Provided records –
◆ ◆ ◆

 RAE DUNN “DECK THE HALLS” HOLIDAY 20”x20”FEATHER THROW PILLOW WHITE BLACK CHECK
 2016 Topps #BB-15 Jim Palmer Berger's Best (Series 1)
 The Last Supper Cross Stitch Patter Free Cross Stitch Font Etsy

◆ ◆ ◆

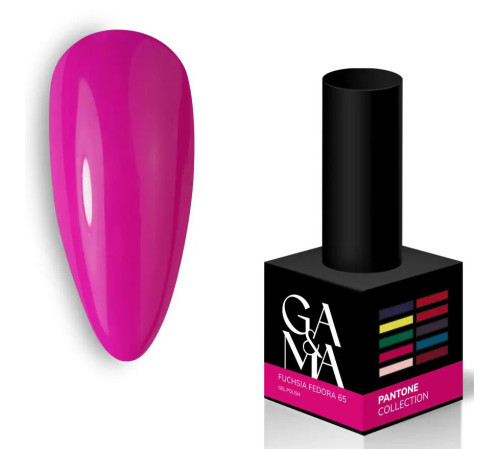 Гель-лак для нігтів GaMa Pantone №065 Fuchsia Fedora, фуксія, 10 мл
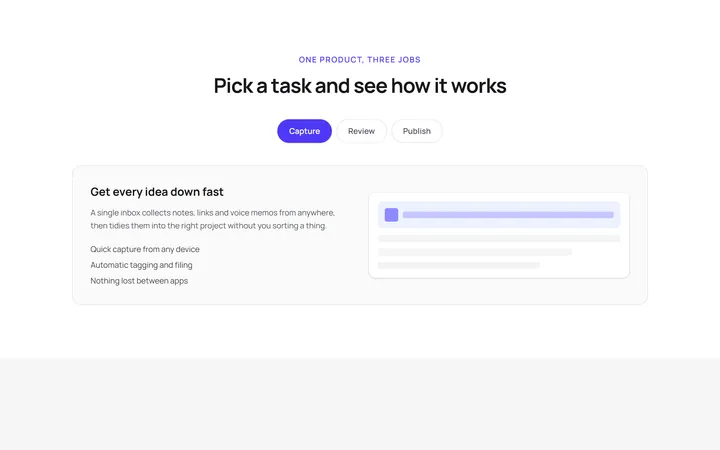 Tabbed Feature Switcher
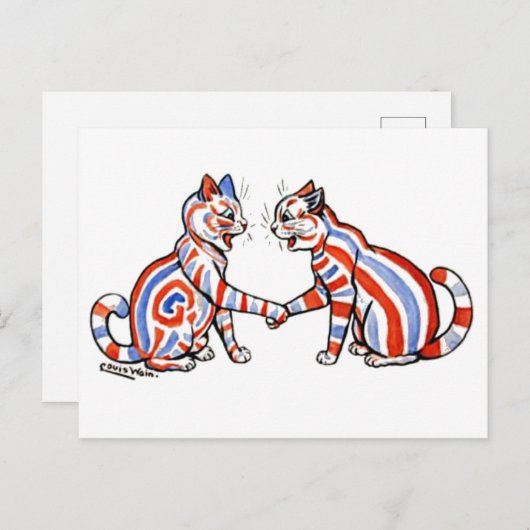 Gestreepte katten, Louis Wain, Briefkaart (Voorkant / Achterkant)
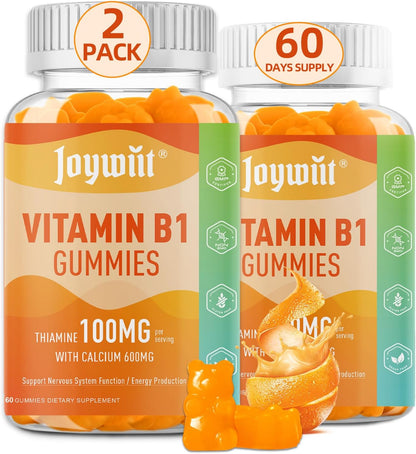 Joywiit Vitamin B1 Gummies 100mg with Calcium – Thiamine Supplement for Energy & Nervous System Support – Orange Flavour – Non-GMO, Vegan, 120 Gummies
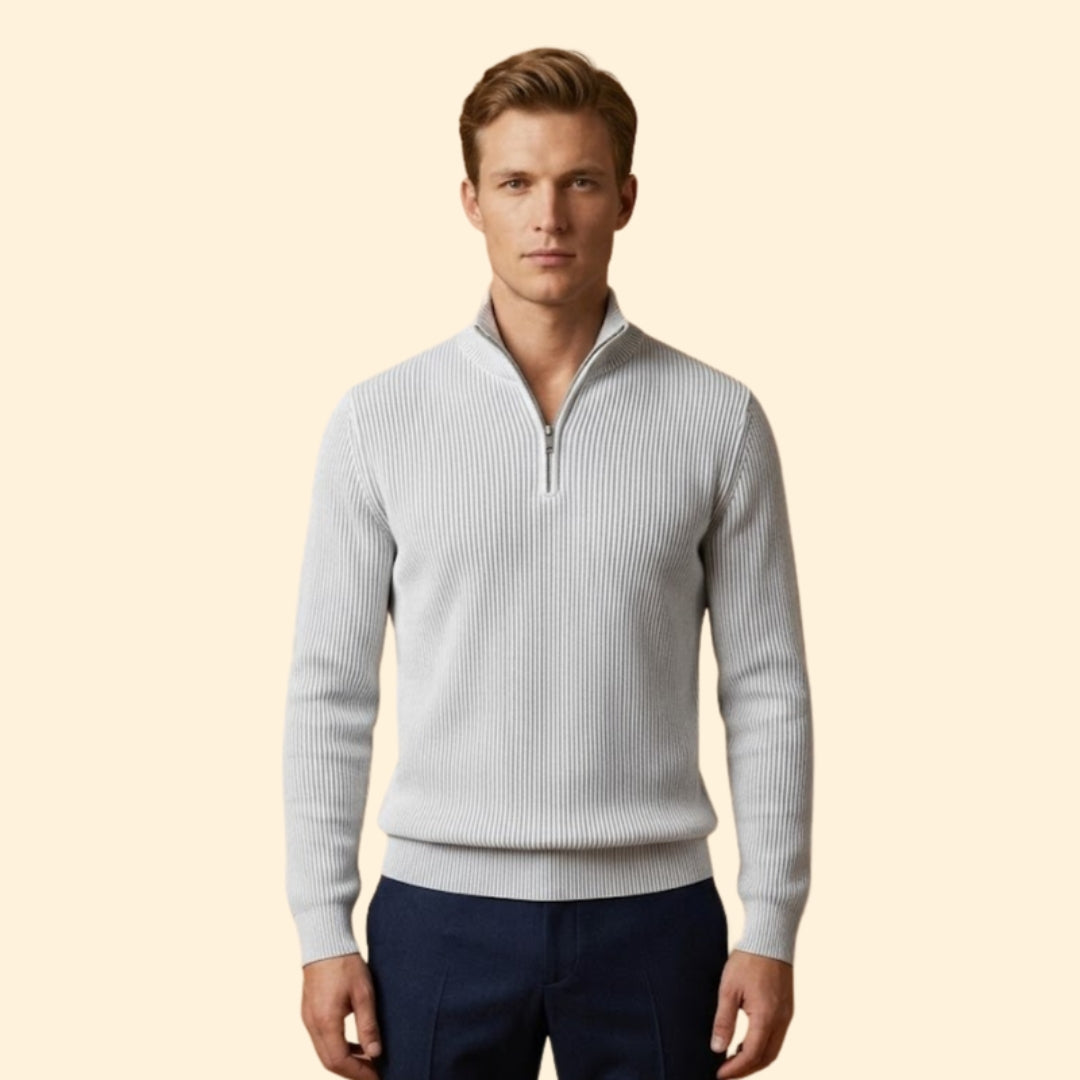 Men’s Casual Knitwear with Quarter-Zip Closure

◆ ◆ ◆

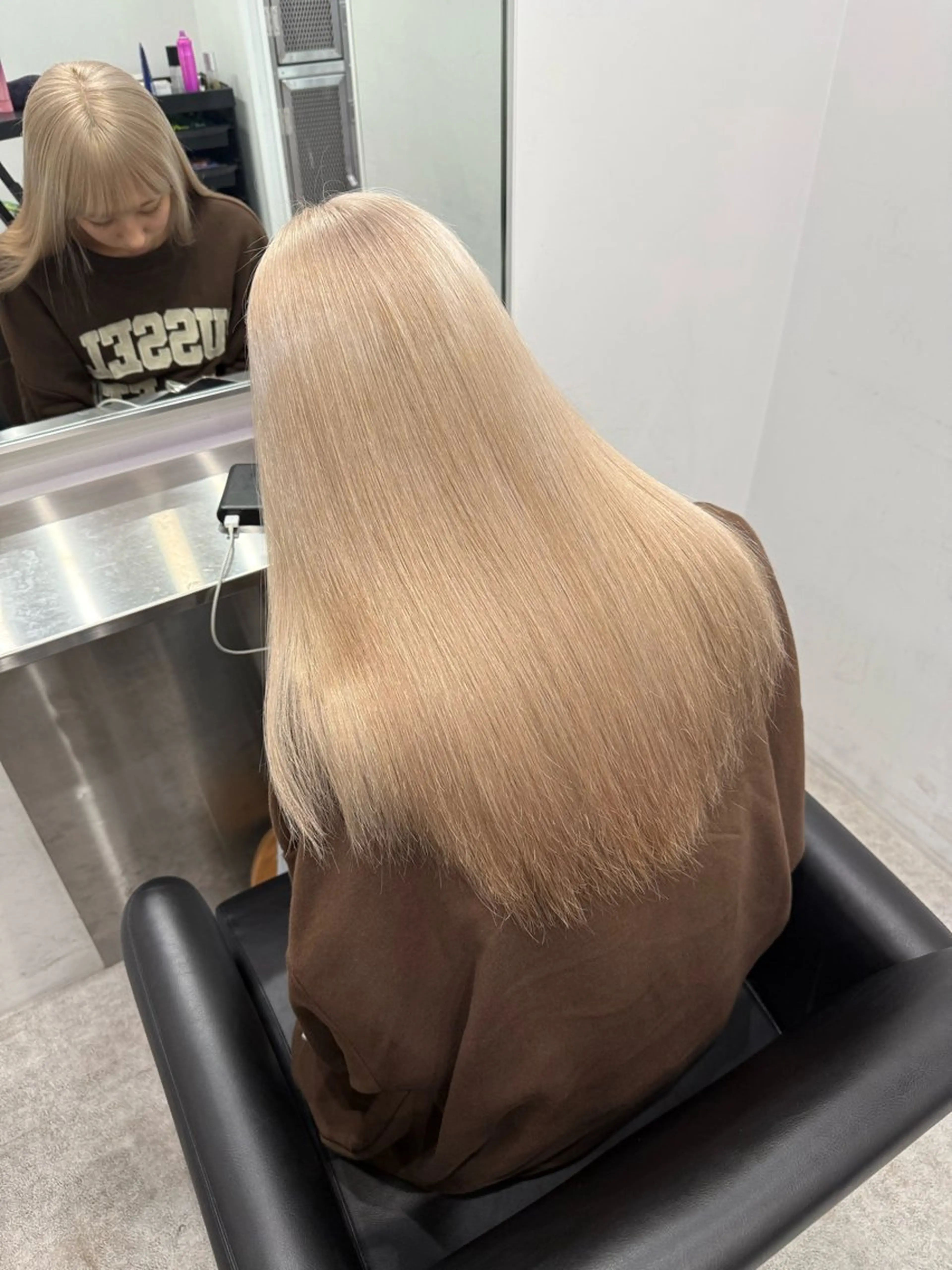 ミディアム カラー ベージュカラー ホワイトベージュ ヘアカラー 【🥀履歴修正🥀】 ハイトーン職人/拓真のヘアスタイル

◆ ◆ ◆

Exercise details – Look above for the line containing "WHITE BLACK CHECK" and the line containing "The Last Supper". Transcribe both, with the lines between them, exactly.

Exercise solution –
 RAE DUNN “DECK THE HALLS” HOLIDAY 20”x20”FEATHER THROW PILLOW WHITE BLACK CHECK
 2016 Topps #BB-15 Jim Palmer Berger's Best (Series 1)
 The Last Supper Cross Stitch Patter Free Cross Stitch Font Etsy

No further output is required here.